For instance, EP 0 101 892 B1 discloses a sausage casing made of, if appropriate, fiber-reinforced cellulose which has a glued seam running along the longitudinal axis. The glued seam is produced using an adhesive which comprises a water-insoluble condensation product of polyamide-polyamine, aliphatic polyamine or polyamide having bifunctional halohydrins or derivatives thereof, such as epichlorohydrin. The adhesive layer can be prefabricated and transferred by a carrier bell having antiadhesive surfaces to the overlapping area of the cellulose strip shaped to form, a tube (DE 32 44 372 A1). Such a sausage casing is also smoke permeable in the region of the glued seam, but has the disadvantage tot the sausagemeat emulsion adhesion in the seam area is not identical to the sausagemeat emulsion adhesion at the sausage periphery.

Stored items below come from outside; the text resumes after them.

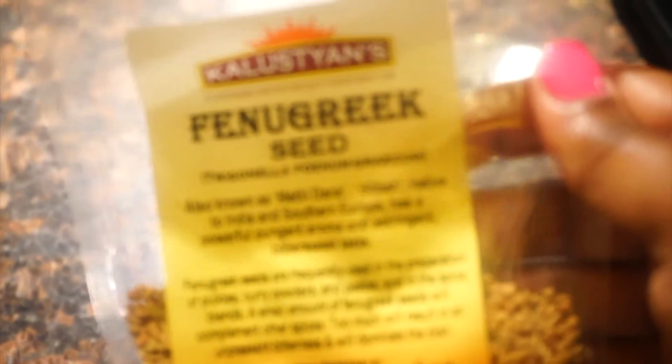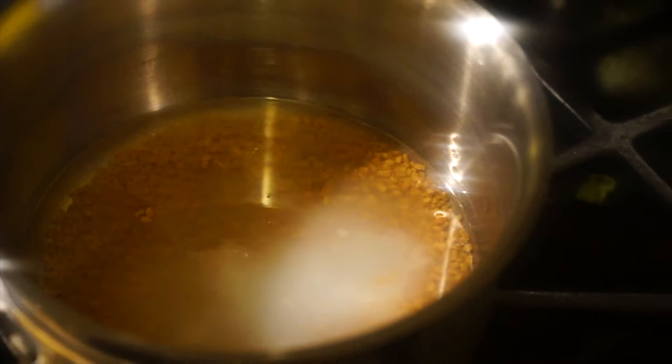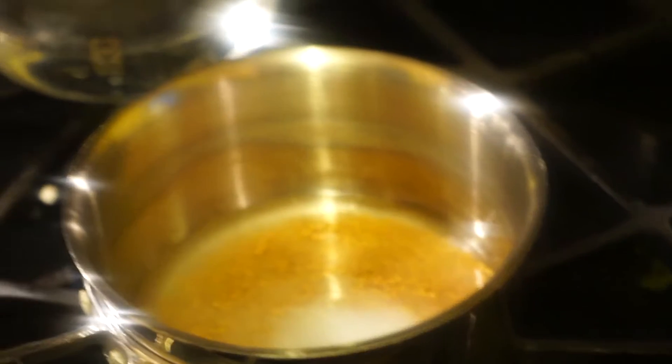So these are the fenugreek seeds, and as you can see I'm adding them to a pot. Currently I'm making my LCO oil, and I have coconut oil added to the seeds and I'm going to cook those seeds until they turn a dark reddish color.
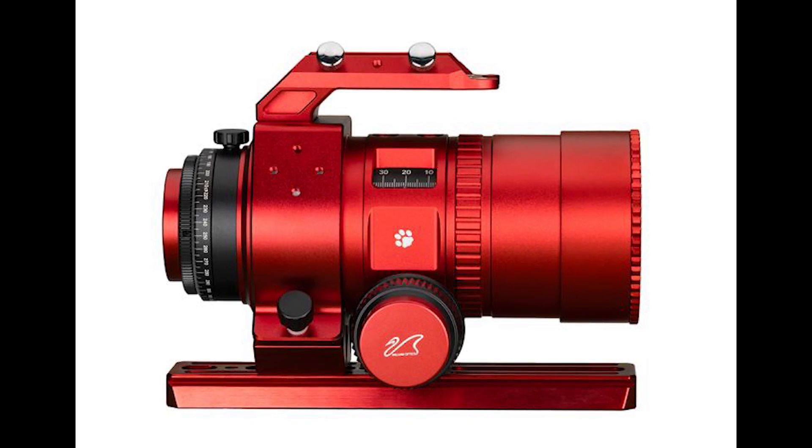What is up everybody, Tegan here with High Point. William Optics just announced a brand new scope in the line of Red Cat refractors — the William Optics Mini Cat 51, an internal focus design refractor with a focal ratio of f3.5. Let's get into some details about what we know so far about the scope.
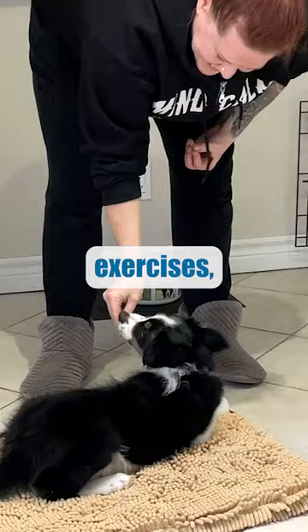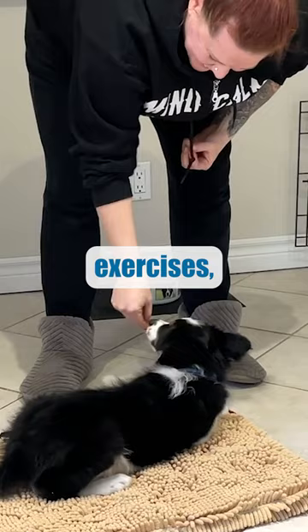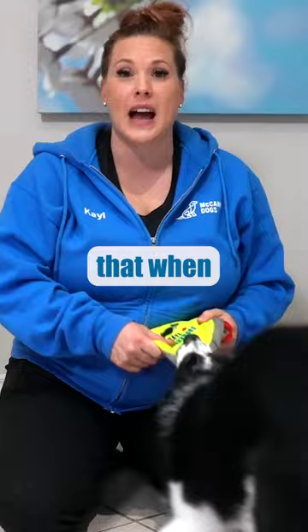You might work on some calming exercises, like teaching them a wait or an on-your-bed exercise, so that you can utilize that when they're out of their crate instead of having to put them away all the time. Things that are going to allow you to control the puppy a little bit more easily is where your focus should be.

The glued seam is frequently produced using a hot melt glue. A disadvantage of these hot melt glue seams is that they are not smoke permeable. After smoking, the surface color of the sausage below the glued seam is brighter than outside the glued area. A further disadvantage of the hot melt glued seam is that it is not transparent, even not after stuffing the casing with a fatty food.

SUMMARY OF THE INVENTION

The object was therefore to develop a food casing which no longer has the advantages described. After smoking, the area of the food casing surface situated below the seam should not differ in color from the remaining areas, i.e., the seam should be permeable to cold smoke, warm smoke and hot smoke.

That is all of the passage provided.